EXERCISE DESCRIPTION = Starting at the line that contains "Artery8 AF Lydon", return every line through the end of the data exactly, without pictures.

DATA SHOWN section start

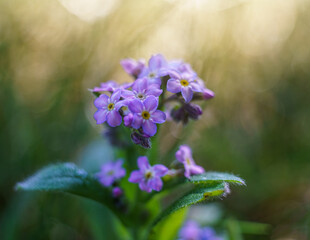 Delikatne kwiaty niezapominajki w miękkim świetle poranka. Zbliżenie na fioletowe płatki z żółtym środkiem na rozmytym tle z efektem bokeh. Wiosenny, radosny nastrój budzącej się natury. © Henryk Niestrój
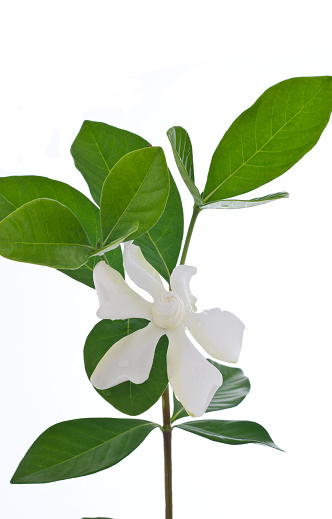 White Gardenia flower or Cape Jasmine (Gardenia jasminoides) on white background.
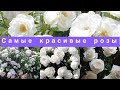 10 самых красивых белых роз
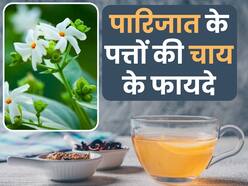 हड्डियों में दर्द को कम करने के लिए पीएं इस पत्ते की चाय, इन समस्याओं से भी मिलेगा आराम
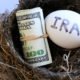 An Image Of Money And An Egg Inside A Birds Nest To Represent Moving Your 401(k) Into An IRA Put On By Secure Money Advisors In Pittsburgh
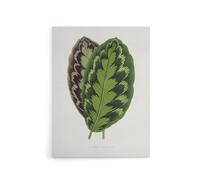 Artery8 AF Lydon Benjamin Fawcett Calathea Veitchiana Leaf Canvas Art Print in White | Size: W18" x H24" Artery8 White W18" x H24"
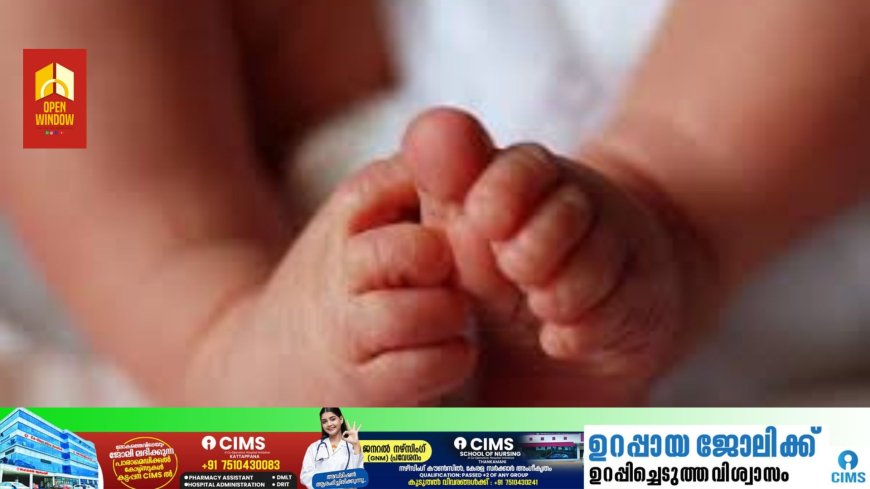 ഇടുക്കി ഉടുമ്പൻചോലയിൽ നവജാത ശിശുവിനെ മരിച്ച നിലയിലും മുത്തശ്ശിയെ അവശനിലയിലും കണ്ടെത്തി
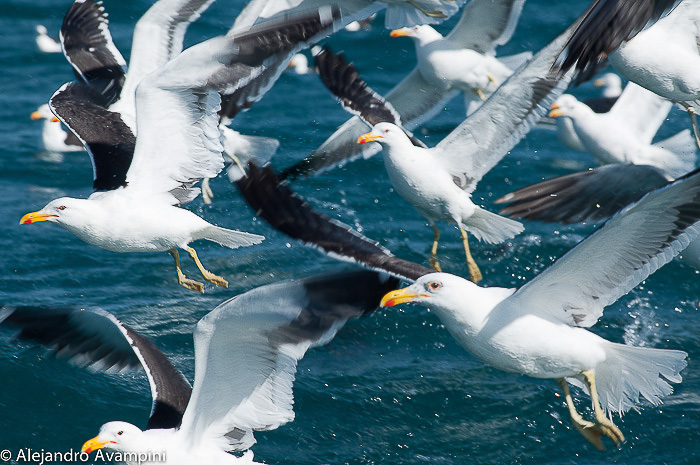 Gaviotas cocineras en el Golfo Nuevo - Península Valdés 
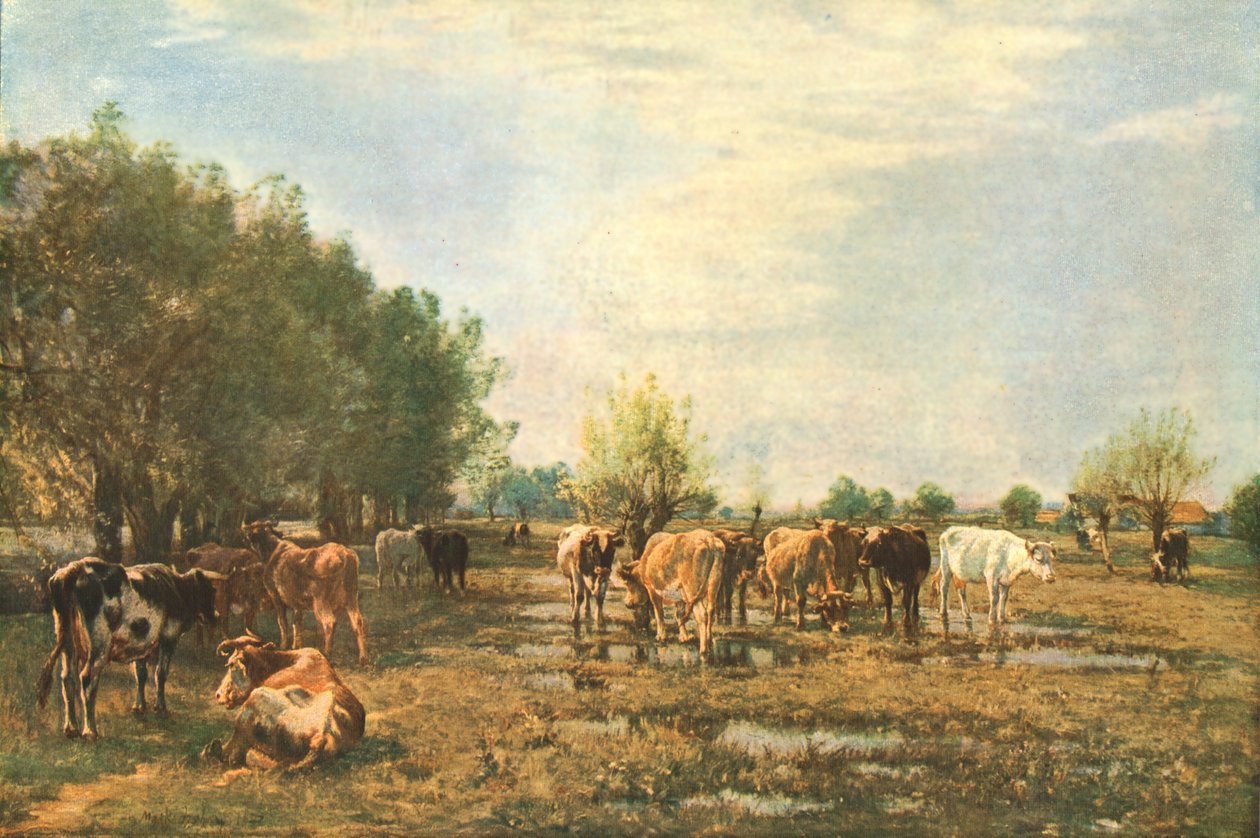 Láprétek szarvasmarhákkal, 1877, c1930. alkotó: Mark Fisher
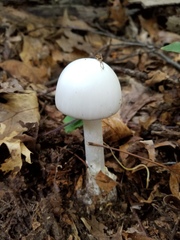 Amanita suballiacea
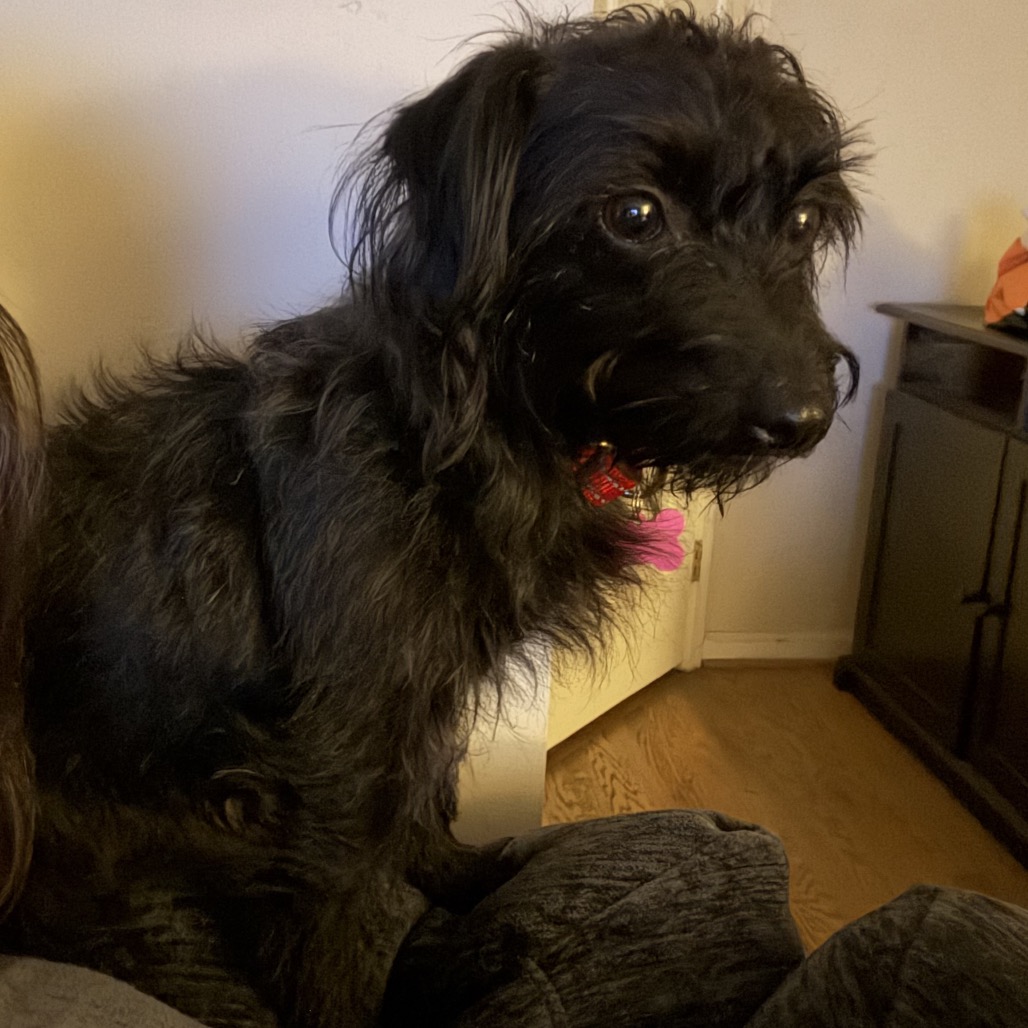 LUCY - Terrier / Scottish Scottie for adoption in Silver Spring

DATA SHOWN section end

ANSWER SPACE =
 Artery8 AF Lydon Benjamin Fawcett Calathea Veitchiana Leaf Canvas Art Print in White | Size: W18" x H24" Artery8 White W18" x H24"
 ഇടുക്കി ഉടുമ്പൻചോലയിൽ നവജാത ശിശുവിനെ മരിച്ച നിലയിലും മുത്തശ്ശിയെ അവശനിലയിലും കണ്ടെത്തി
 Gaviotas cocineras en el Golfo Nuevo - Península Valdés 
 Láprétek szarvasmarhákkal, 1877, c1930. alkotó: Mark Fisher
 Amanita suballiacea
 LUCY - Terrier / Scottish Scottie for adoption in Silver Spring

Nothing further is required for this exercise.